Cold cast resin model ship collectible. Limited edition
of 4000 units.
10" Long by 7" High.
The Coast Guard Cutter George Cobb is the 14th of the Keeper Class of Coastal Buoy Tenders constructed by the Marinette Marine Corporation. The 175-foot vessel joins a fleet of technically advanced, highly capable markers that employ automated engineering and computer-based navigation and communications systems. Despite a crew of fewer than 20, the USCGC George Cobb ably and efficiently maintains the integrity of West Coast buoys from its home base in San Pedro, California. Both buoys and the ships that tend them have evolved from a need that increased as the nation and its shipping lanes grew.
In addition to regulating the construction and maintenance of lighthouses, the old Lighthouse Board was also responsible for developing and overseeing the buoyage system in the nation’s shipping lanes. Until the mid-1800s, responsibility for placement and upkeep of these vital navigational aids was left to local jurisdictions, which, with the lack of a standard and means of upkeep had resulted in haphazard conditions for mariners.
In 1851, the Lighthouse Board reported that the development of steam vessels made the adoption of sound and light buoys critical.
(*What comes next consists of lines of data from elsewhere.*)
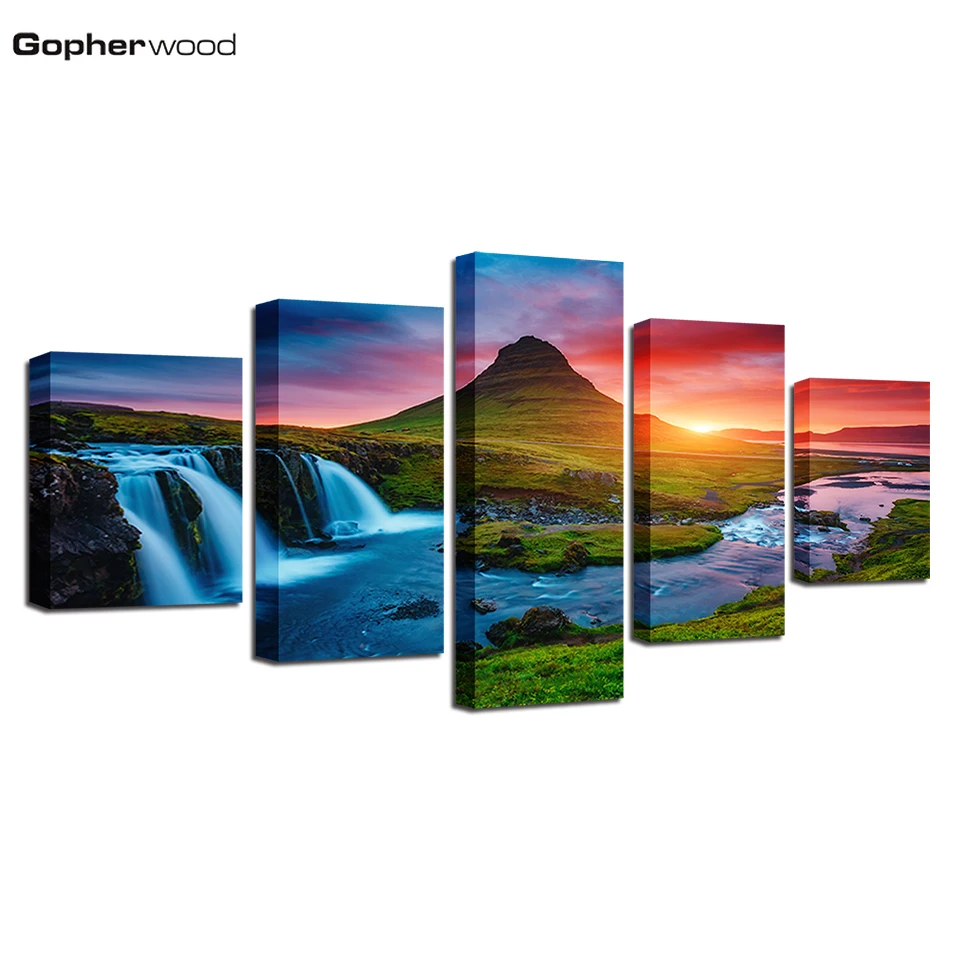 Wall Art Canvas Prints Pictures 5 Pieces Beautiful Iceland Waterfall Paintings Green Mountain River Landscape Posters Home Decor
Wall Art Canvas Prints Pictures 5 Pieces Beautiful Iceland Waterfall Paintings Green Mountain River Landscape Posters Home Decor
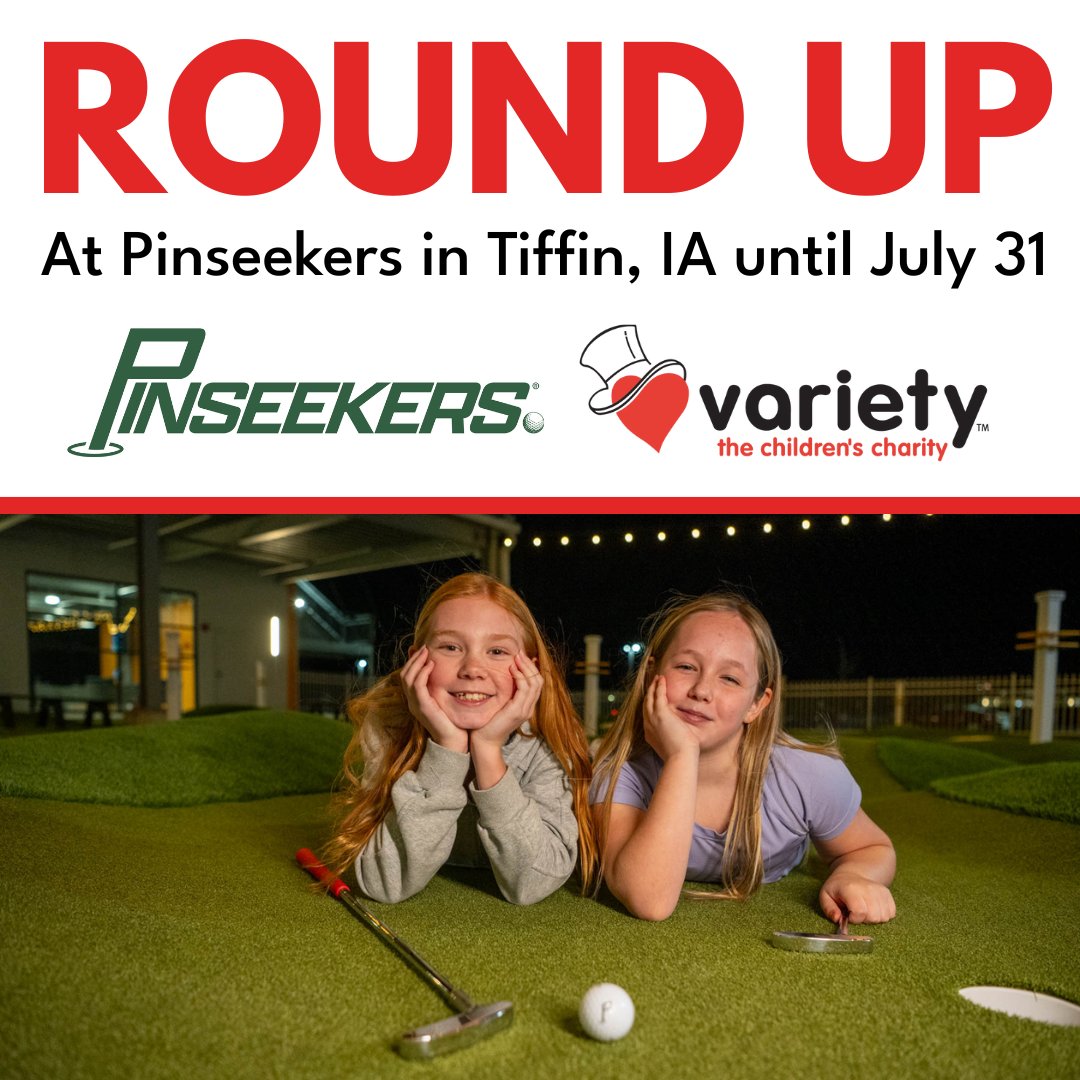 📍 Tiffin, IA - Next time you’re enjoying food, drinks, or fun at PinSeekers, you’ll have the chance to do a little good while having a lot of fun! 

At checkout, you can ROUND UP your total to the nearest dollar - and that spare change will go directly to support Variety.❤️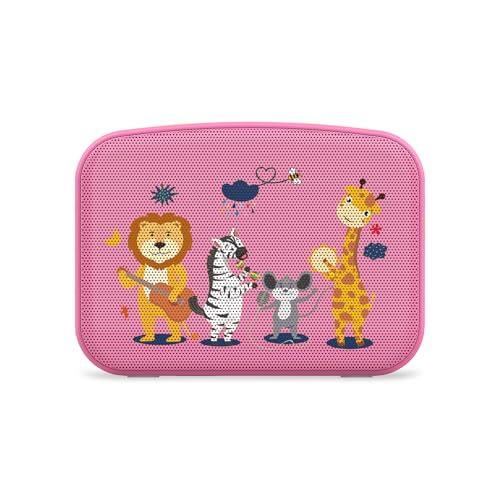 Saregama Carvaan Mini Kids with Wireless Mic - 300+ Pre-Loaded Stories, Rhymes, Learnings and Mantras with Rechargeable Battery/Bluetooth/USB/Aux in-Out/Play in Loop - Baby Pink - Nalanda Enterprises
Larger and faster vessels meant larger and more visible buoys, which also meant a need for larger, more maneuverable tenders. The small boats used to maintain buoys could not cope with the changes in both design and size. Better accuracy in placement became more vital and sailing tenders were useless for accurate placement because the tender could not hold steady. The Lighthouse Board moved to solve these issues by obtaining steam-propelled tenders.
The first such buoy tender was completed in 1857 at the Philadelphia Navy Yard. It was named the USLHS Shubrick. The new tender served the Pacific Coast and clearly demonstrated the advantage of steam-powered tenders over sail. As a result of the Shubrick success, the Lighthouse Board ordered additional steam vessels.
When Congress established the Lighthouse Service in 1910, its first director continued the progressive advances of the old Lighthouse Board. The most important navigational aid – the radio beacon – changed the face of navigation, No longer did a mariner have to physically see a buoy. Advancements in technology continued throughout the 20th Century and today’s buoys weigh several tons, employing more intricate systems, and requiring the expertise of larger, more versatile tenders.
Tenders are divided into classes, identified by size and tending capacity. The largest are seagoing vessels, 180-feet long and capable of lifting up to 20 tons and with ice-breaking bows. The second class is coastal tenders, ranging from 133 feet to 175 feet, with a lifting capacity of 10 tons and a high degree of maneuverability. The third class is comprised of inland tenders, which are smaller vessels.
Named for a courageous keeper of the Point Bonita Lighthouse, who braved a gale on Christmas Day, 1896, to save three sailors, the George Cobb is also equipped for search and rescue. Its work is vital to the safe passage of ships in and out of California ports – providing a buoy system that is accurate and effective – and enduring the inherent risks and dangers of the sea.